According to the data released on Slack's blog late Wednesday, the company has become a leader in Silicon Valley on three benchmarks: Slack is the closest, of any tech company that has disclosed its workplace demographics so far, to full gender parity. It also includes the highest percentage of women in engineering roles, and has the highest representation of Black engineers for any tech company.

Women at Slack

According to its 2016 update, around 43 percent of Slack's workforce, both in the U.S. and worldwide, is made up of women. That's up from 39 percent in September, and much higher than the industry average of about 29 percent, according to Wired.

Meanwhile, engineering roles go to more than a quarter of its female employees in the U.S., though that figure drops more than a couple percentage points for its worldwide staff. Still, the numbers have risen, up about 18 percentage points from its first diversity report.

But not every measure of female inclusion showed progress over the last five months for Slack. According to the latest figures, 43 percent of managers at Slack are women, which is down from the 45 percent the company disclosed less than six months ago.

Still Few Minorities

Like the rest of Silicon Valley, Slack has very few underrepresented minorities working at the company, and the latest report shows only few signs of progress.

Latinos, for example, make up only 5.3 percent of Slack's overall workforce in the U.S., and 4.1 percent globally.

Industry averages tend to be just as bleak, but it's impossible to tell if Slack made progress or not with hiring Latinos, because the company's first report lumped Latinos in the "multiracial or other" category. Slack itself admitted its difficulty in accurately measuring Latinos in its blog post, saying, "The Hispanic/Latino(a) population was either negligible or obscured by having a broad multiracial category in our first survey."

Engineering and technical roles in the U.S. included a slightly better than average proportion of Latino employees, though, with 5.6 percent and 6.1 percent Latinos in each category, respectively.

The biggest positive for Slack when it comes to underrepresented minorities was the number of Black or African American engineers working stateside at the company, along with those generally in technical roles including engineering.

According to Slack's most recent count, 8.9 percent of its U.S. engineers were Black, up from 7 percent five months ago, while 6.9 percent of technical roles were filled by African Americans.

Slack's Admirable Advantage

One of the reasons why Slack has been able to push some of its diversity percentages much higher, much faster than other Silicon Valley companies is because it's a young, fast-growing startup.

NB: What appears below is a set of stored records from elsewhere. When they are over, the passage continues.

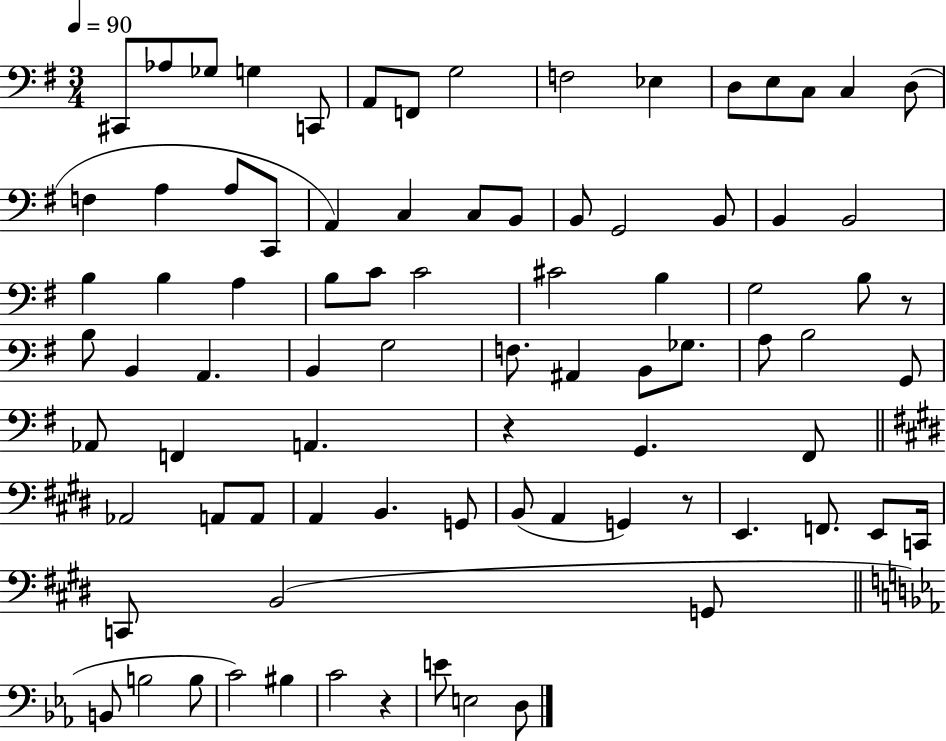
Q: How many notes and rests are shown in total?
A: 84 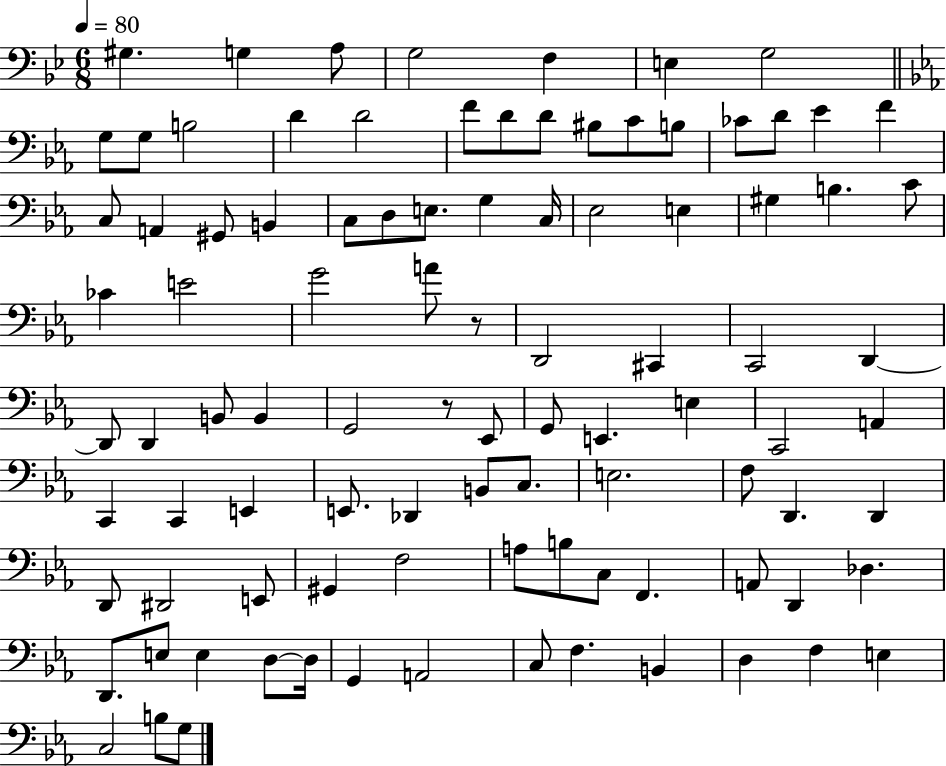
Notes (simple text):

G#3/q. G3/q A3/e G3/h F3/q E3/q G3/h G3/e G3/e B3/h D4/q D4/h F4/e D4/e D4/e BIS3/e C4/e B3/e CES4/e D4/e Eb4/q F4/q C3/e A2/q G#2/e B2/q C3/e D3/e E3/e. G3/q C3/s Eb3/h E3/q G#3/q B3/q. C4/e CES4/q E4/h G4/h A4/e R/e D2/h C#2/q C2/h D2/q D2/e D2/q B2/e B2/q G2/h R/e Eb2/e G2/e E2/q. E3/q C2/h A2/q C2/q C2/q E2/q E2/e. Db2/q B2/e C3/e. E3/h. F3/e D2/q. D2/q D2/e D#2/h E2/e G#2/q F3/h A3/e B3/e C3/e F2/q. A2/e D2/q Db3/q. D2/e. E3/e E3/q D3/e D3/s G2/q A2/h C3/e F3/q. B2/q D3/q F3/q E3/q C3/h B3/e G3/e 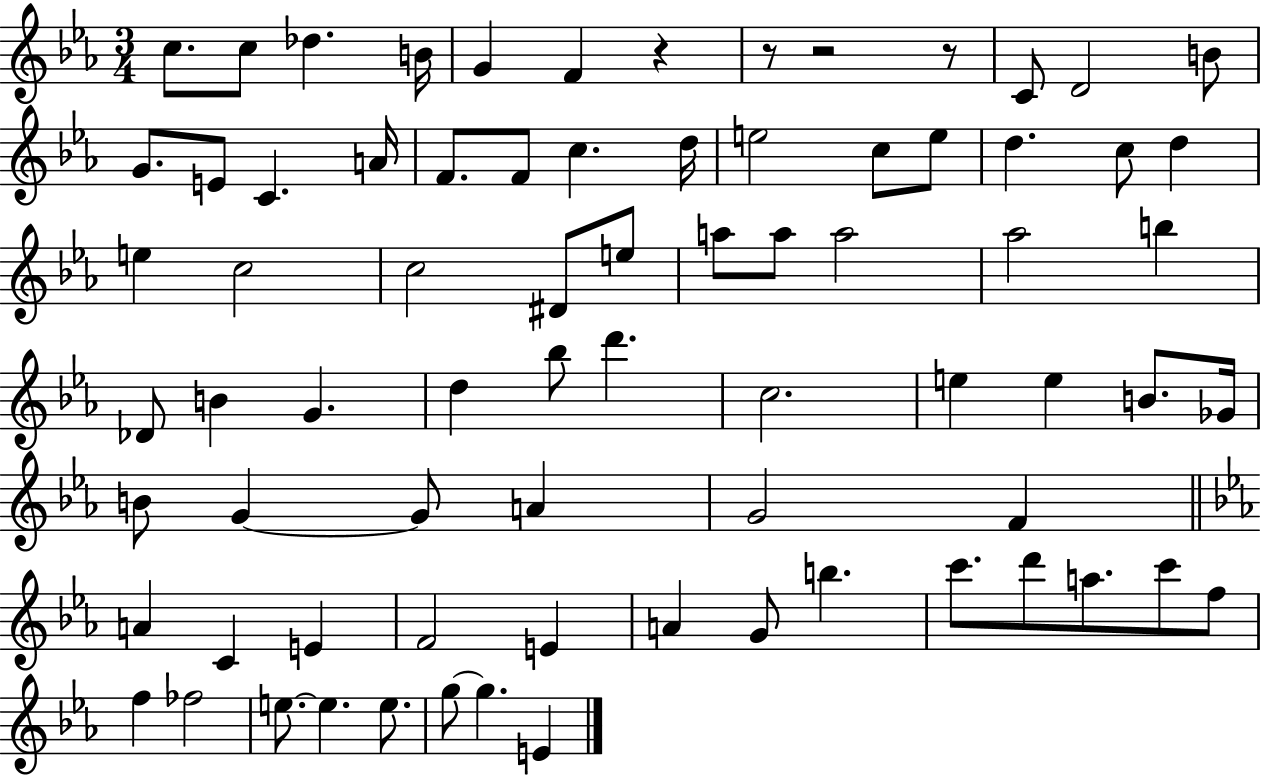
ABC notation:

X:1
T:Untitled
M:3/4
L:1/4
K:Eb
c/2 c/2 _d B/4 G F z z/2 z2 z/2 C/2 D2 B/2 G/2 E/2 C A/4 F/2 F/2 c d/4 e2 c/2 e/2 d c/2 d e c2 c2 ^D/2 e/2 a/2 a/2 a2 _a2 b _D/2 B G d _b/2 d' c2 e e B/2 _G/4 B/2 G G/2 A G2 F A C E F2 E A G/2 b c'/2 d'/2 a/2 c'/2 f/2 f _f2 e/2 e e/2 g/2 g E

And it built diversity as a priority into its growth model early on.

"Because we are still small as companies go, every person we hire and every person who leaves can make a dramatic difference to our diversity data," stated Slack on its blog. In September, Slack stated its employee base totaled 250 people. According to the latest report, Slack now has 350 employees, including those now working globally in Canada, Ireland, and Australia.

Slack launched initiatives in September like unconscious bias training for employees company-wide, an internship program partnered with STEM education bootcamps that reach out to disadvantaged minorities, and a hiring review process that examines decisions to make sure they don't advantage one group over another.

But the company says it wants to do more, and is introducing the Rooney Rule -- a recruitment tool devised by the NFL to increase hiring of minorities for coaching and upper staff positions that Facebook has also adopted -- into its senior-level outreach process.

"We will continue to regularly report on our status so that we can be held accountable," said Slack, "and we will continue to look for ways in which we can improve."